Dimezzare la dose dei vaccini Covid potrebbe ridurre il rischio di trombosi
Una soluzione ai rari casi di trombosi dopo la vaccinazione anti-Covid potrebbe essere quella di dimezzare la dose somministrata. A chiedere di testare una diversa posologia sono i ricercatori tedeschi che per primi hanno descritto la possibile reazione immunitaria che causa i coaguli nel sangue dopo l’inoculazione del vaccino di Astrazeneca. Questo stesso vaccino, nello studio clinico di fase 3, è stato somministrato per errore in minore quantità ad alcuni volontari e, evidenziano gli studiosi, un dosaggio inferiore a quello standard ha generalmente mostrato meno effetti collaterali. “Forse – sostengono su Science – una dose più bassa ha meno probabilità di scatenare il tipo di forte infiammazione che aumenta anche gli anticorpi PF4”.
Il team di ricerca, guidato dall’esperto di coagulazione Andreas Greinacher dell’Università di Greifswald, ha recentemente pubblicato sul New England Journal of Medicine una serie di case report in cui si sono osservati eventi trombotici associati a un basso numero di piastrine dopo l’inoculazione della prima dose di Astrazeneca. Nel loro articolo, ipotizzano che l’adenovirus utilizzato come veicolo del materiale genetico per produrre la proteina Spike nel virus nelle cellule, possa rompersi, liberando il DNA. Come l’eparina, un farmaco per cui è nota una rara reazione (trombocitopenia indotta da eparina) in cui il sistema immunitario produce anticorpi contro un complesso formato da eparina e una proteina chiamata fattore piastrinico 4 (PF4), anche il DNA che potrebbe formare un complesso multimolecolare con PF4, inducendo la produzione di anticorpi in grado di legarsi selettivamente a PF4. Questo legame attiva le piastrine che, a loro volta, iniziano a legarsi tra loro, formando pericolosi coaguli nel sangue. “La reazione immunitaria al DNA extracellulare – ha osservato Greinancher – fa parte di un’antica difesa immunitaria innescata da gravi infezioni o lesioni, e lo stesso DNA libero può segnalare al corpo di aumentare la coagulazione nel sangue”.

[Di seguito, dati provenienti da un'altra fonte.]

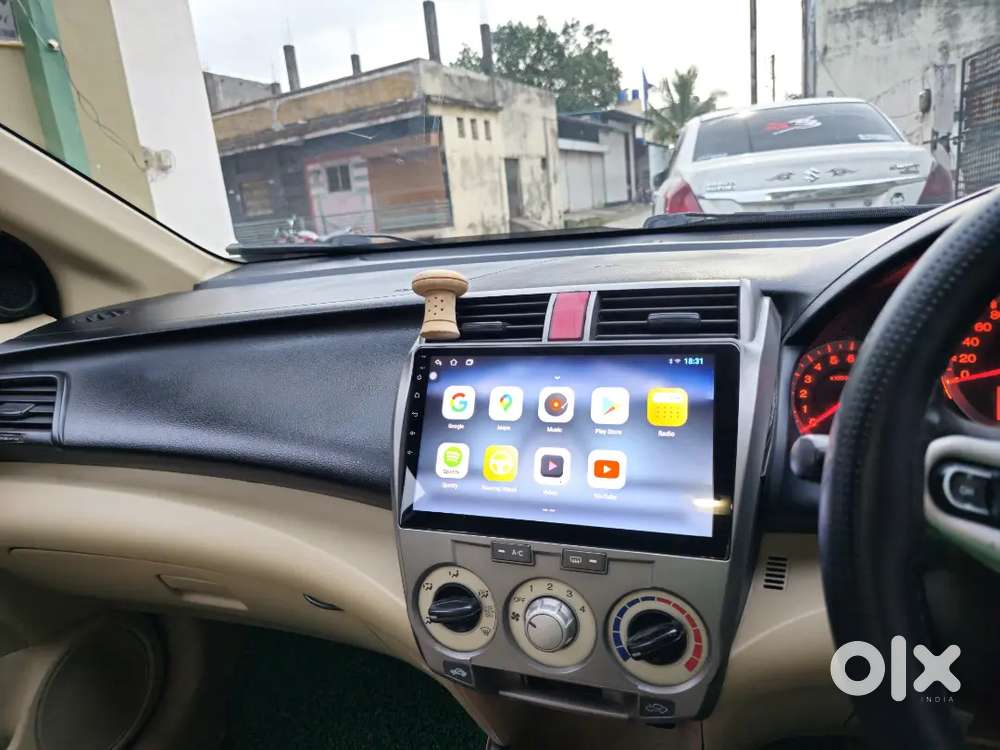 2010 Honda City Mt 80,000 Km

La comprensione del meccanismo che porta a queste reazioni di coagulazione è fondamentale per capire se altri vaccini anti-Covid basati su adenovirus, come quello prodotto da Johnson & Johnson (attualmente sospeso dalla Food and Drug Administration (FDA) negli Stati Uniti per la segnalazione di sei eventi tromboembolici con ripercussioni sull’impiego anche in Europa) possano determinare episodi analoghi. Almeno altri due vaccini già approvati in altri Paesi impiegano adenovirus come vettore virale, il russo Sputnik e il cinese Cansino, sebbene per entrambi non siano stati segnalati questi eventi avversi.

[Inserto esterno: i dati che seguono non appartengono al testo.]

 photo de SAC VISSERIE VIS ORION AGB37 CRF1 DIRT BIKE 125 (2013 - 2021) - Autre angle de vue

Secondo Greinacher e il suo collaboratore Rolf Marschalek, biologo molecolare dell’Università di Francoforte, la somministrazione di dose dimezzata, come accaduto accidentalmente nella sperimentazione clinica di Astrazeneca, può ridurre gli effetti collaterali e avere meno probabilità innescare il tipo di forte infiammazione che aumenta anche gli anticorpi contro PF4. “Inaspettatamente – ha affermato Marschalek – le persone che avevano ricevuto una dose più bassa erano leggermente più protette, forse perché alti livelli di infiammazione possono effettivamente bloccare la formazione di anticorpi”. “Parte del problema – ha aggiunto Greinancher – potrebbe essere che hanno appena overdose” al vaccino.

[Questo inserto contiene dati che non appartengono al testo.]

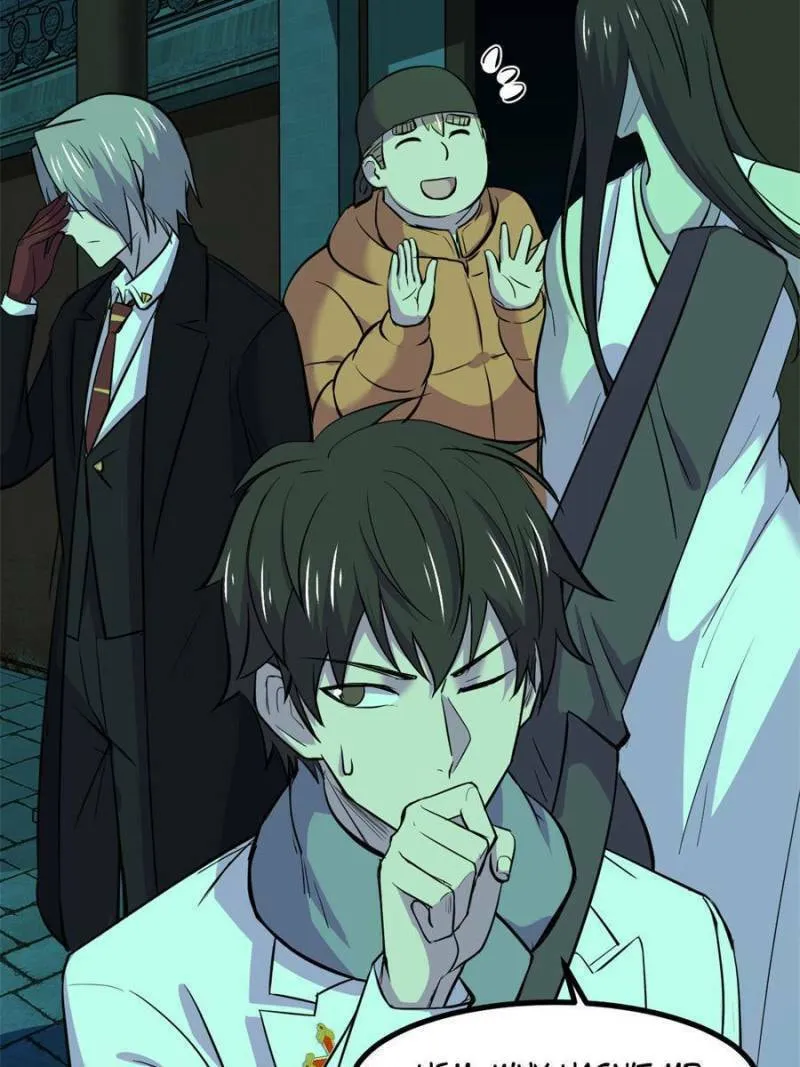 Global Collapse Chapter 58 page 16 -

Ad ogni modo, il fatto che gli effetti collaterali più comuni siano meno frequenti in seguito alla somministrazione di mezza dose non implica che questo accada con gli eventi avversi molto rari, avvertono gli scienziati. Ma se l’intuizione si rivelerà corretta, quello che è sembrava un colpo terribile per una delle armi più importanti contro la pandemia potrebbe essere una buona notizia sotto mentite spoglie: ciascuna dose standard potrebbe permettere di vaccinare il doppio delle persone, con meno effetti collaterali.